[Stored items from a collection]
>>>>>

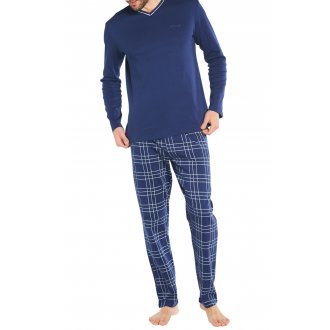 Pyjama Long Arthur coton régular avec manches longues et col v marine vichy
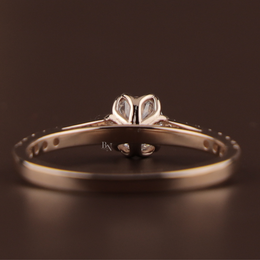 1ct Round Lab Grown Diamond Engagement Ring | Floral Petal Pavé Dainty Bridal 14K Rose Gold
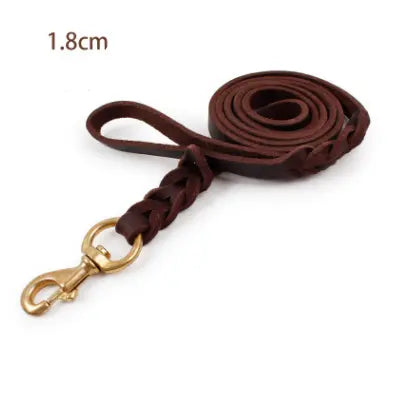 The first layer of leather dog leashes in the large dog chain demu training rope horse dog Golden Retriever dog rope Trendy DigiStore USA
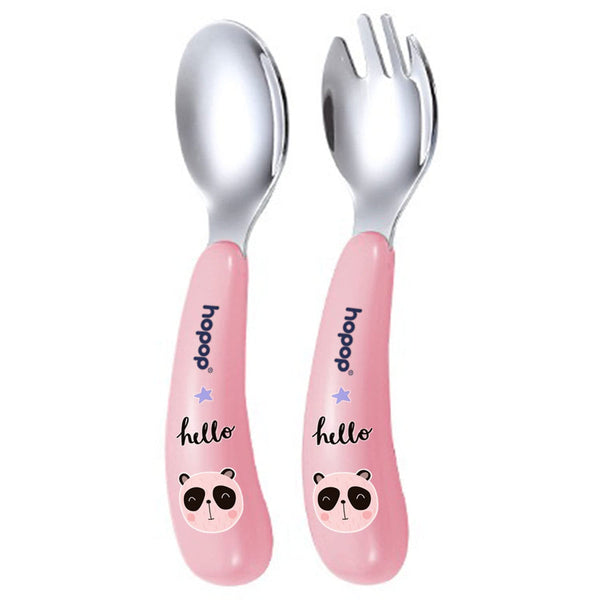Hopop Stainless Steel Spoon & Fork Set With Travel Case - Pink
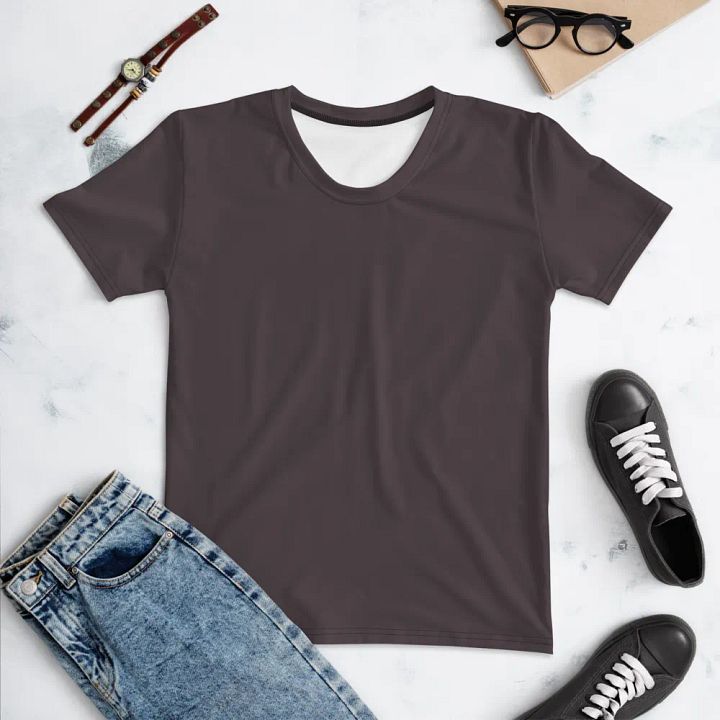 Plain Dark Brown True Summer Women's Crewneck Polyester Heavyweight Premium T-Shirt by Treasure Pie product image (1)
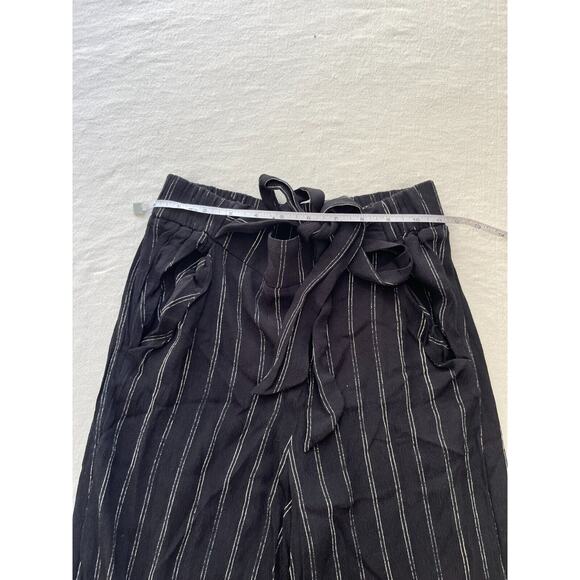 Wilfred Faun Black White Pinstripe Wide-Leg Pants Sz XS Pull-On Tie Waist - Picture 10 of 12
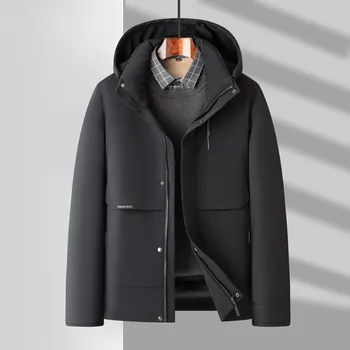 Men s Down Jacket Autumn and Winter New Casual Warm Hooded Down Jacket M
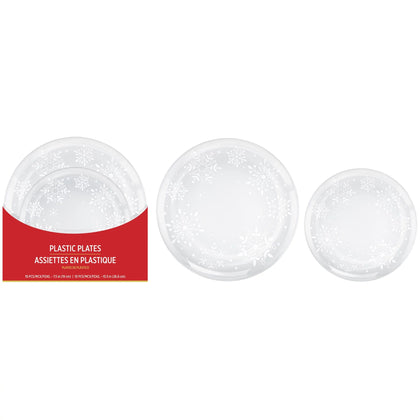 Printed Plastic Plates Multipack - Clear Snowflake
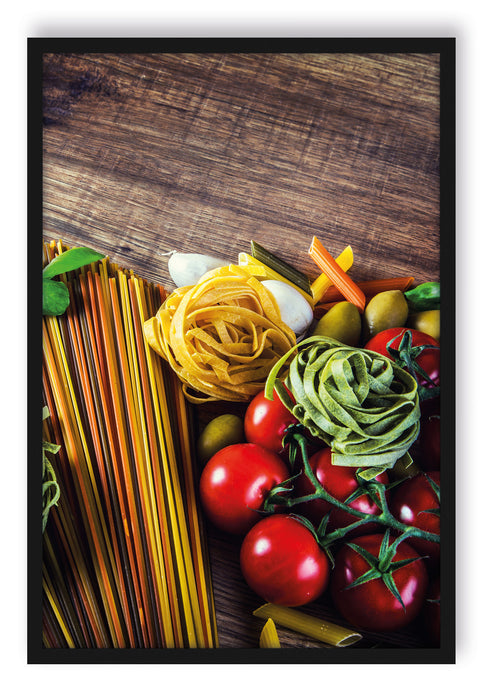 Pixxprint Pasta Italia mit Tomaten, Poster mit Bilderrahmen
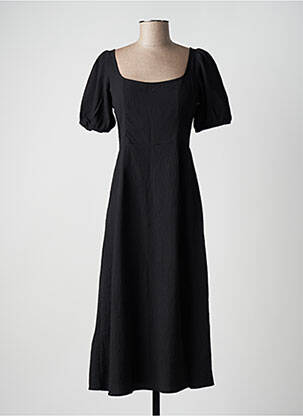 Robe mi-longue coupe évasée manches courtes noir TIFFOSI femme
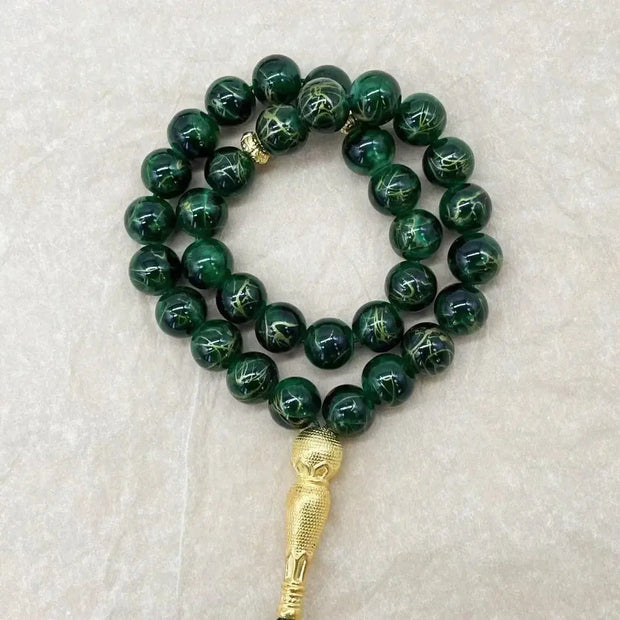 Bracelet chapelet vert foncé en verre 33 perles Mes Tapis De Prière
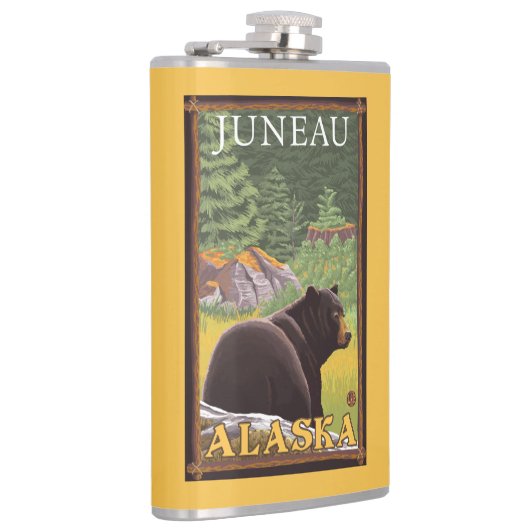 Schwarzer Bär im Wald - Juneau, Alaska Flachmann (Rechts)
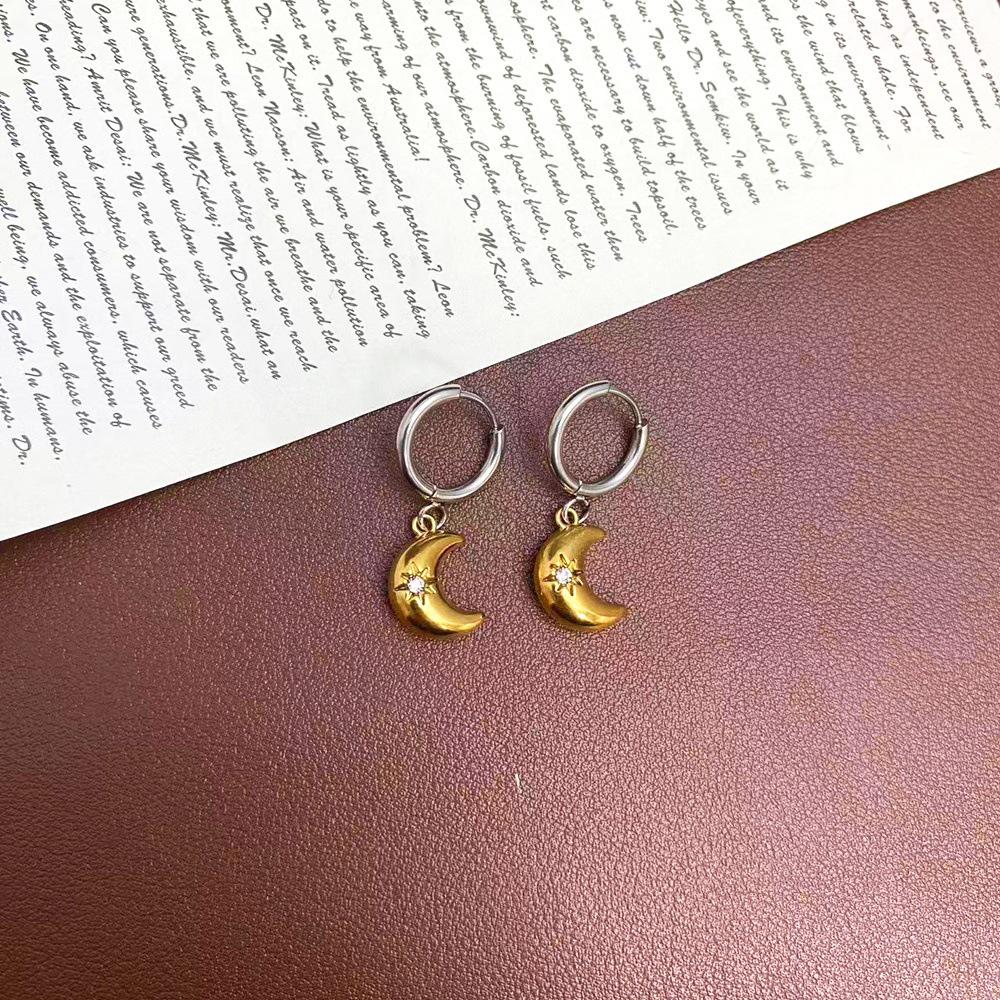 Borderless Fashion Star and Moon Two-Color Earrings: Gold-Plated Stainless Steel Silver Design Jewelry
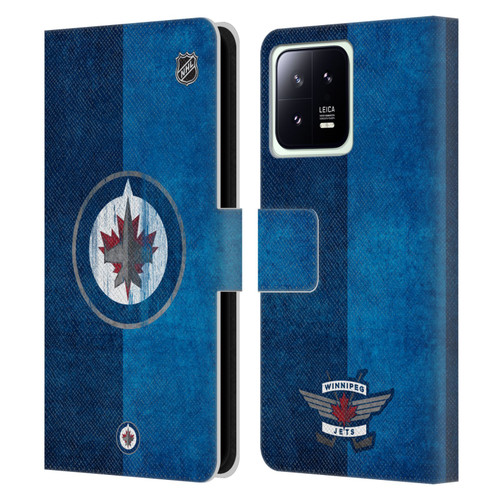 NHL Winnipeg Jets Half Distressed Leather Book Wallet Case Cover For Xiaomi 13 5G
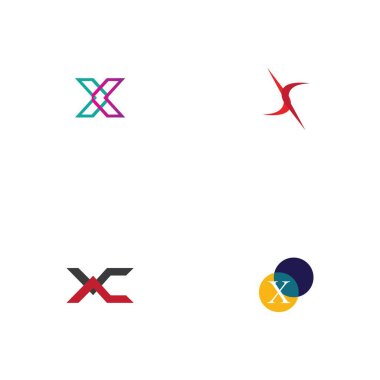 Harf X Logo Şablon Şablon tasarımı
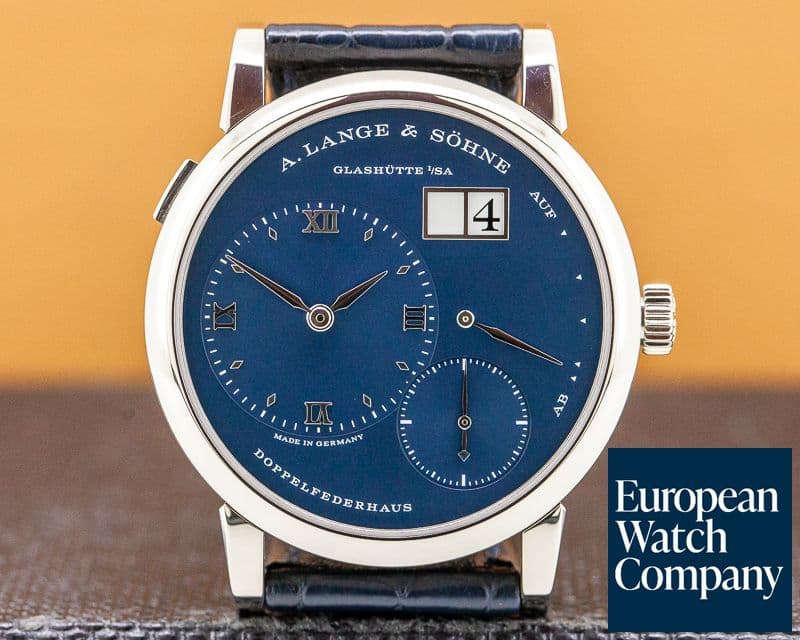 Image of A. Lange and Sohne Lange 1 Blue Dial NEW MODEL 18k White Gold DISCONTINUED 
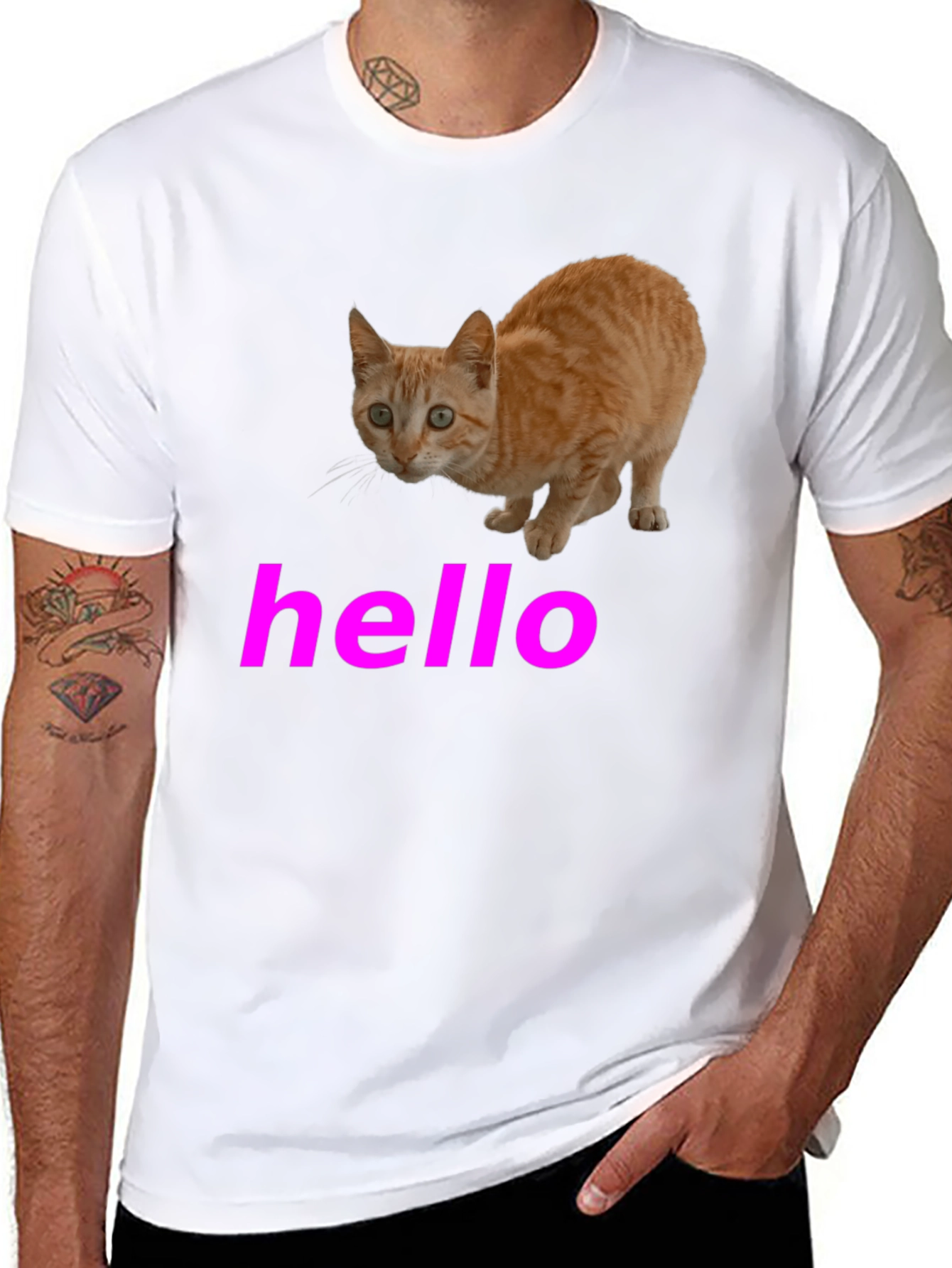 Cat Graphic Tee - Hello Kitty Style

<<<<<

- _Your instructions_
Word for word, print out all of the records above; pass over the pictures.

- _Finished task_
 Pyjama Long Arthur coton régular avec manches longues et col v marine vichy
 1ct Round Lab Grown Diamond Engagement Ring | Floral Petal Pavé Dainty Bridal 14K Rose Gold
 The first layer of leather dog leashes in the large dog chain demu training rope horse dog Golden Retriever dog rope Trendy DigiStore USA
Hopop Stainless Steel Spoon & Fork Set With Travel Case - Pink
 Plain Dark Brown True Summer Women's Crewneck Polyester Heavyweight Premium T-Shirt by Treasure Pie product image (1)
 Wilfred Faun Black White Pinstripe Wide-Leg Pants Sz XS Pull-On Tie Waist - Picture 10 of 12
 Men s Down Jacket Autumn and Winter New Casual Warm Hooded Down Jacket M
 Printed Plastic Plates Multipack - Clear Snowflake
 Pixxprint Pasta Italia mit Tomaten, Poster mit Bilderrahmen
 Robe mi-longue coupe évasée manches courtes noir TIFFOSI femme
 Bracelet chapelet vert foncé en verre 33 perles Mes Tapis De Prière
 Schwarzer Bär im Wald - Juneau, Alaska Flachmann (Rechts)
 Borderless Fashion Star and Moon Two-Color Earrings: Gold-Plated Stainless Steel Silver Design Jewelry
 NHL Winnipeg Jets Half Distressed Leather Book Wallet Case Cover For Xiaomi 13 5G
 Harf X Logo Şablon Şablon tasarımı
 Image of A. Lange and Sohne Lange 1 Blue Dial NEW MODEL 18k White Gold DISCONTINUED 
 Cat Graphic Tee - Hello Kitty Style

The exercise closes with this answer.